News - Europe
Categories: Europe
Topics: The swiss national bank | Gdp | Q2 | Aberdeen | Euro | Cazenove | Henderson | Jupiter
Major companies favoured by leading European fund managers are facing severe price pressures as the global flight to safety propelled the Swiss franc to new heights today.
The Swiss National Bank warned last week the outlook for the Swiss economy had “deteriorated substantially” due to the strength of the Swiss franc, but its attempt to intervene and weaken the currency was neutered by the market’s search for safe havens.

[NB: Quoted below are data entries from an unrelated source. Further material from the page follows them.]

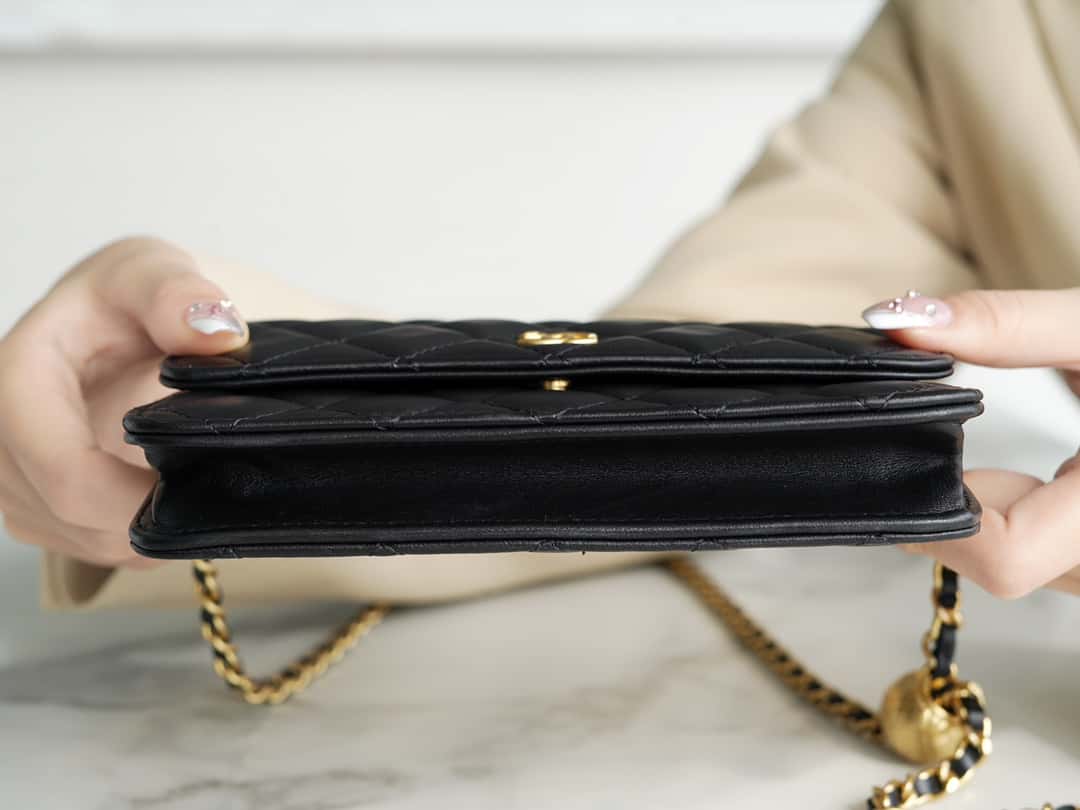 CC Flap Phone Holder with Chain Black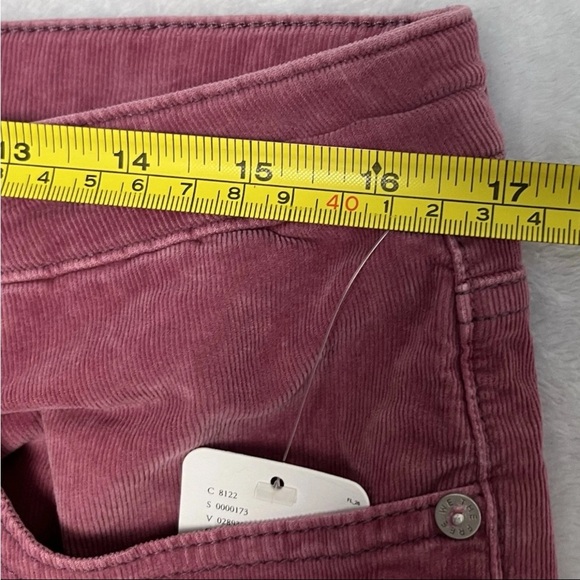 We The Free Jeans Sz 31 Short Flare Leg Boot Cut HR Raw Hem Corduroy Pants NWT - Picture 4 of 9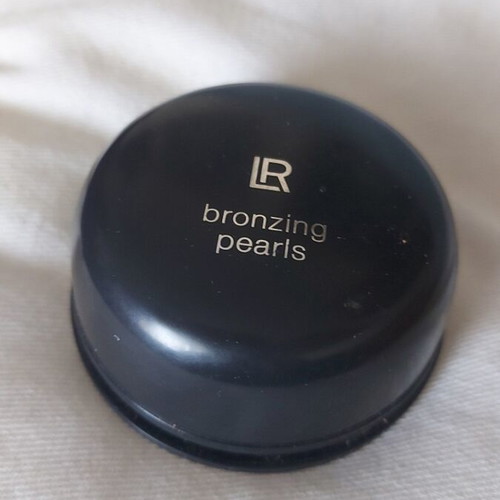 LR bronzing pearls used with deluxe powder gift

The franc, which has risen 20% against the dollar since mid-February alone, rose again today in the wake of the move by Standard & Poor's to cut the US credit rating.
By early afternoon, one dollar was worth 76.25 centimes, having hit a record 74.85 centimes earlier, according to Bloomberg.
Currency appreciation has provided an additional boon to managers attracted by high-quality stocks shielded from the wider continent’s sovereign debt crisis.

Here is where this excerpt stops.